The Galvatrons are a four-piece rock band who formed on 28 August 2007, in Geelong, Australia. Lead singer Johnny Galvatron stated on radio station 101.3 Sea FM on the Central Coast that the band got their name from the 1986 animated film Transformers. The Galvatrons cite their influences as Devo, Stan Bush, Australian Crawl, Van Halen, Lion, Cheap Trick, Kim Wilde, Queen, Stevie Nicks, Pat Benatar, Kenny Loggins, Tears for Fears and Gary Numan.
The band have completed their debut album, as announced via their MySpace, which was released 3 July 2009.

Biography

2007–2008: When We Were Kids
The band's first taste of mainstream success was with the release of their debut single, When We Were Kids. The single was released from their debut EP, also titled When We Were Kids. It was released by Warner Music Australia on 3 May 2008. The title track was the number one most added track on radio in Australia for the week 19–26 April 2008. They played the Big Day Out, Meredith and Cherry Rock festivals in summer 2007/2008 and are touring Australia throughout 2008. They then played a festival tour in the United Kingdom alongside The Police at London's Hyde Park where they were evicted from the concert after allegedly singing Metallica songs loudly in the room next door to Sting.

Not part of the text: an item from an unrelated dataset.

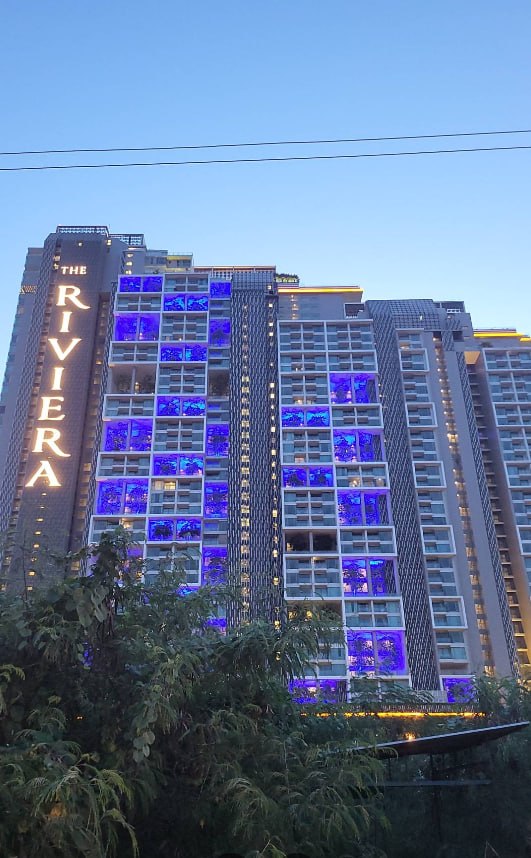 Riviera Jomtien — студия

On 1 November 2008 Johnny Galvatron appeared on the TV show RocKwiz . He performed Toto's "Hold the Line" as a duet with Wendy Matthews.

Beginning in Perth on 31 October 2008, The Galvatrons were support act for Def Leppard and Cheap Trick during Def Leppard's Songs From The Sparkle Lounge Australian tour. The show ran from late October to mid November and had a total of 7 shows throughout the country. Alongside this tour, the band headed its own national tour known as the Robots Are Cool tour.

2009: Laser Graffiti
On 17 November 2008, the Galvatrons released a demo version of a song that was rumoured to be a track from their upcoming debut album. The song, "Robots Are Cool", was a popular track played during their tour with Def Leppard and Cheap Trick. It was available as a free download via the band's official Myspace.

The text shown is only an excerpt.